Il giorno mar 17 nov 2020 alle ore 16:01 Anton Louw <Anton.Louw@voxtelecom.co.za> ha scritto:


Hi Sandro,

 

Have you perhaps seen anything in the SOS report that could shed some light on the issues?


Sadly no. I see it's oVirt Node 4.3.8, I can suggest to upgrade to 4.3.10 at least and consider upgrading to 4.4.3 the whole datacenter.
I had the feeling watchdog was the trigger of the reboot but couldn't find any evidence.
I also don't see anything suspicious in the logs.


 

 

Thanks

 


Anton Louw
Cloud Engineer: Storage and Virtualization at Vox

T:  087 805 0000 | D: 087 805 1572
M: N/A
E: anton.louw@voxtelecom.co.za
A: Rutherford Estate, 1 Scott Street, Waverley, Johannesburg
www.vox.co.za

F
 
T
 
I
 
L
 
Y
 

From: Anton Louw
Sent: 16 November 2020 07:30
To: Sandro Bonazzola <sbonazzo@redhat.com>; Arik Hadas <ahadas@redhat.com>; Dominik Holler <dholler@redhat.com>
Cc: users@ovirt.org; Johan Koen <Johan.Koen@voxtelecom.co.za>
Subject: RE: [ovirt-users] oVirt Node Crash

 

I have also attached the SOS report as requested

 

From: Anton Louw
Sent: 16 November 2020 06:54
To: Sandro Bonazzola <sbonazzo@redhat.com>; Arik Hadas <ahadas@redhat.com>; Dominik Holler <dholler@redhat.com>
Cc: users@ovirt.org; Johan Koen <Johan.Koen@voxtelecom.co.za>
Subject: RE: [ovirt-users] oVirt Node Crash

 

Hi Sandro,

 

Thanks for the response.
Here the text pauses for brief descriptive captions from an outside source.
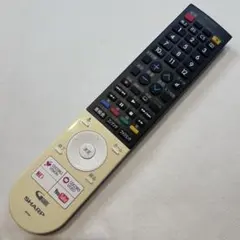 GB243SA SHARP テレビ リモコン　匿名配送　SH2115青のサムネイル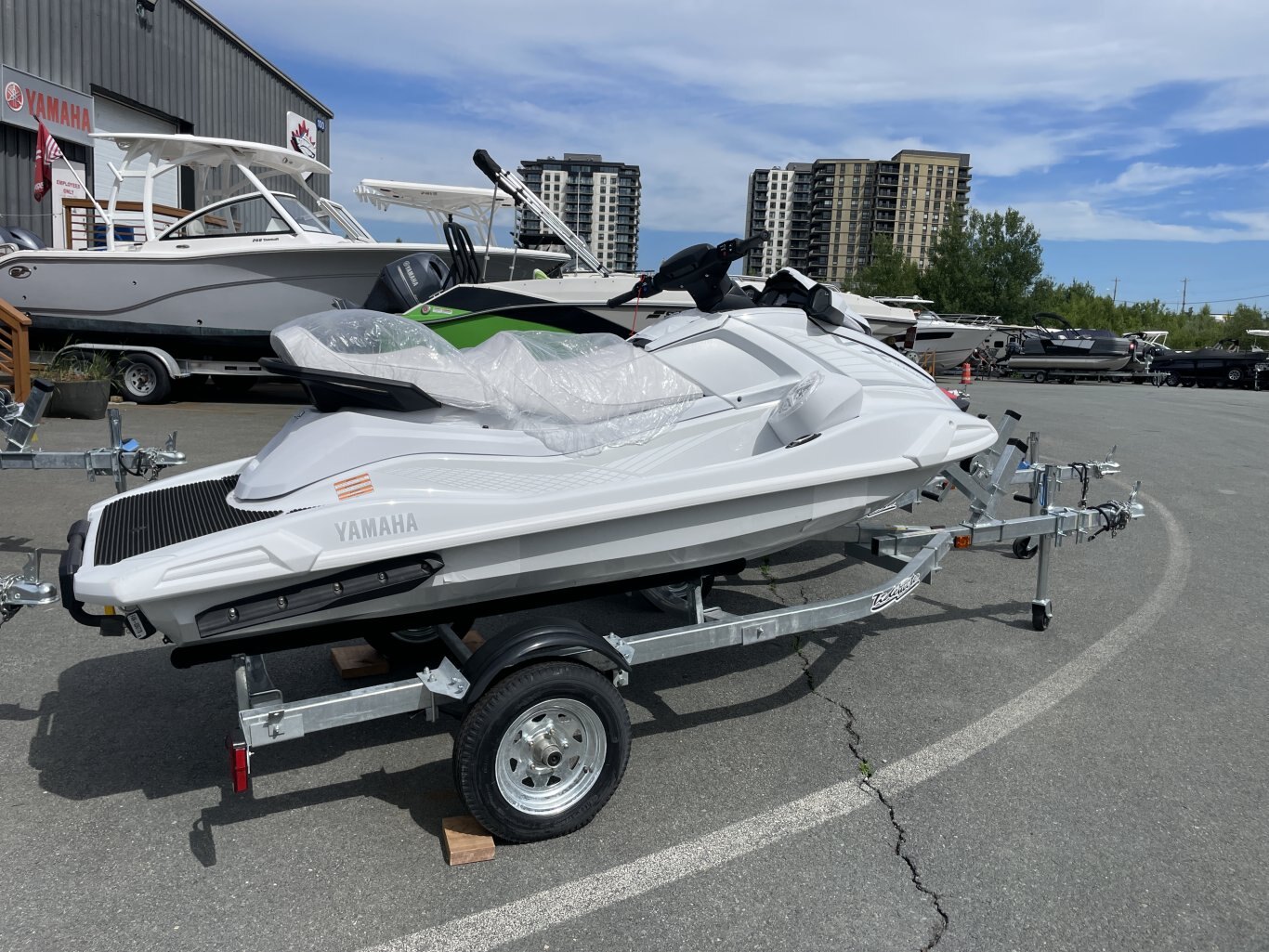 Yamaha VX Cruiser with Audio White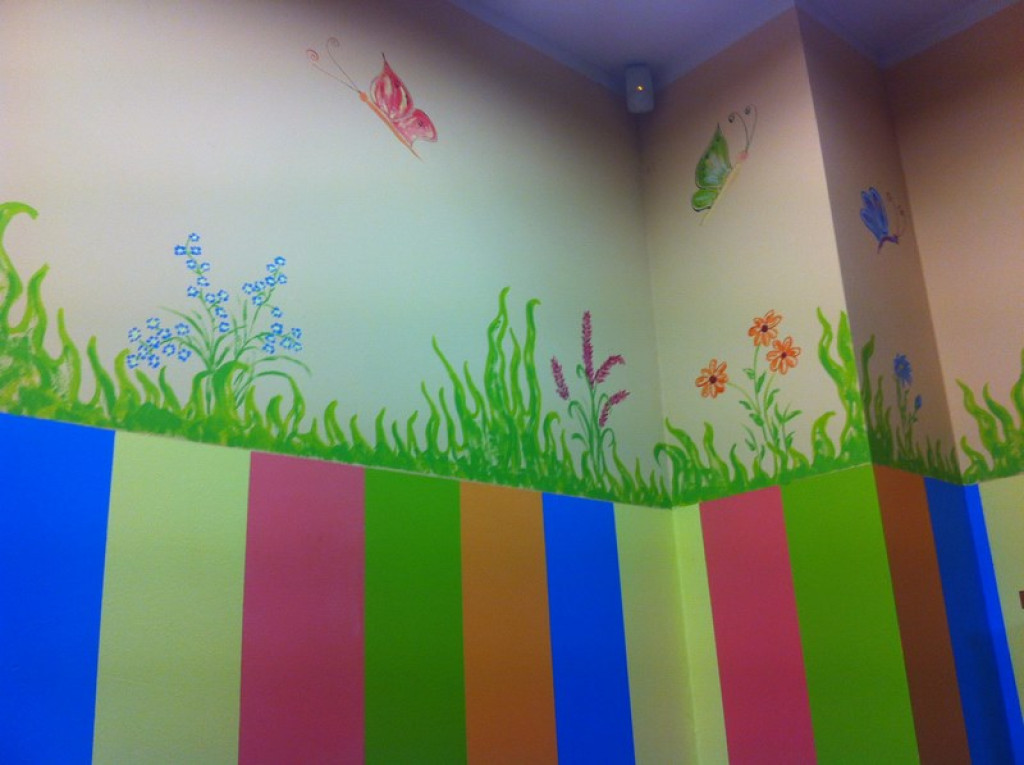 Tęczowa świetlica dzięki Fundacji Orange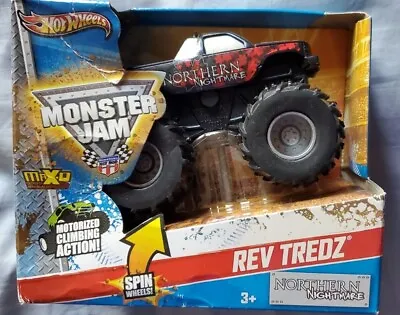 Hot Wheels Monster Jam REV TREDZ Series NORTHERN NIGHTMARE  • $8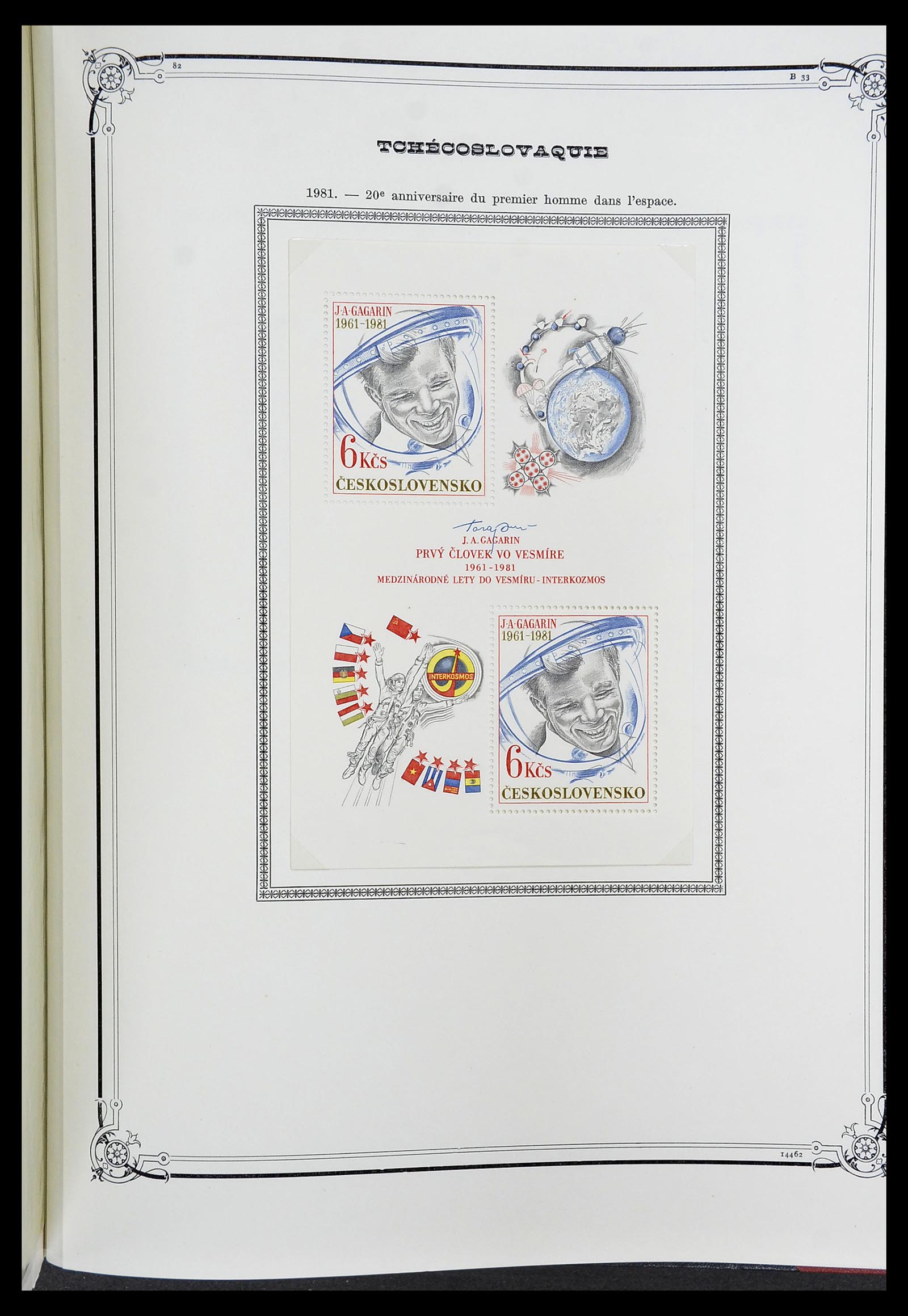 34628 230 - Postzegelverzameling 34628 Tsjechoslowakije 1918-1985.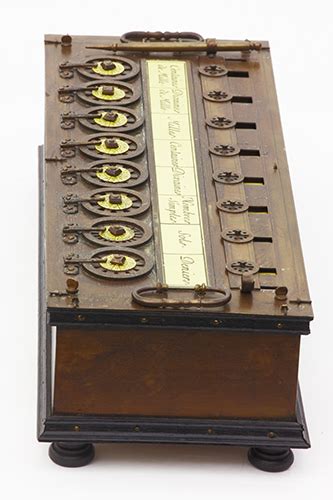 Pascal Adder (Pascaline) - replica | 102798214 | Computer History Museum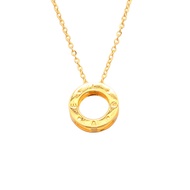 Taka Jewellery 999 Pure Gold Necklace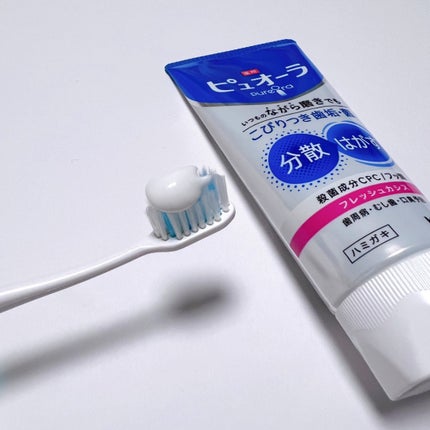 薬用ピュオーラ ハミガキ/ピュオーラ/歯磨き粉を使ったクチコミ(3枚目)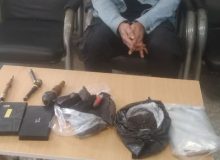 کشف افزون بر ۲ کيلو مواد مخدر در لنگرود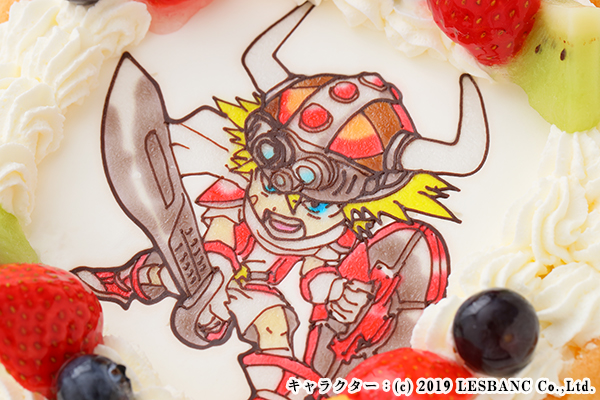 キャラクターケーキ 生クリーム 5号 15cm Fundeco Cake Jp店 Cake Jp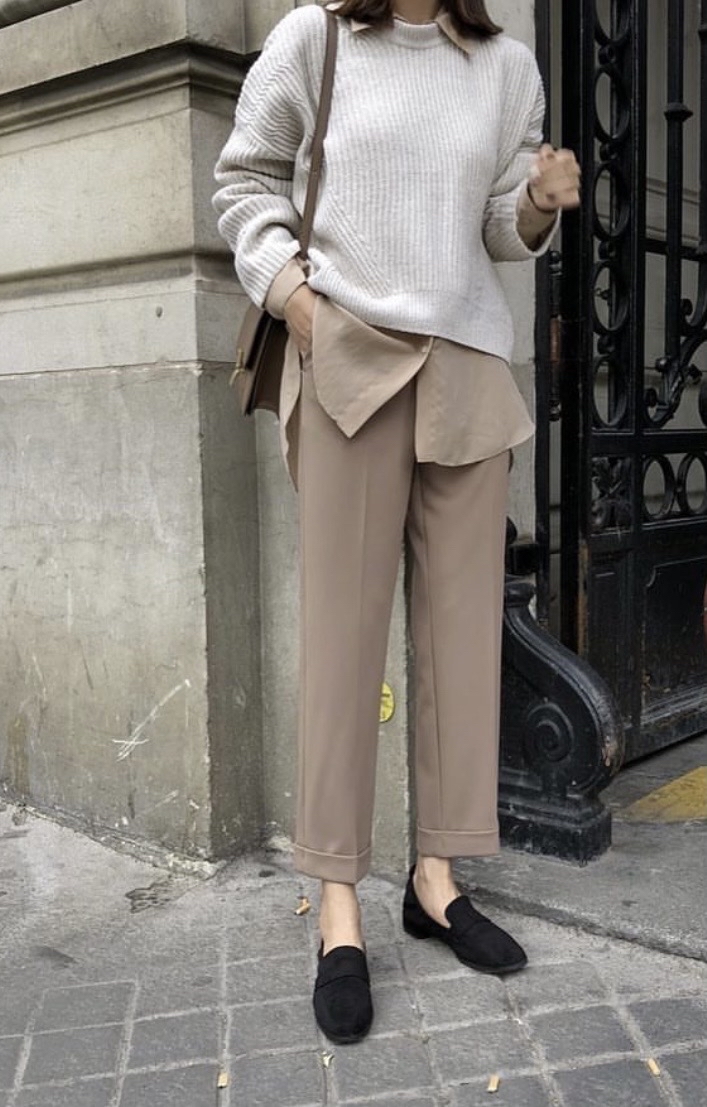 길동상사 스판짱짱 카브라 슬랙스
I logged onto oVirt this morning, and I see the node is in a “Unassigned” state. I can ping it, but cannot SSH, so there is something that is causing the host to be unresponsive.

 

On Saturday after I sent the mail, I opened a console to the node, and I saw the below entries before logging in:

 

audit:backlog limit exceeded

 

I the tried the solution of increasing the buffer size in the audit.rules file in /etc/audit/rules.d/ , as per below, but it did not resolve the issue.

 

## First rule - delete all

-D

 

## Increase the buffers to survive stress events.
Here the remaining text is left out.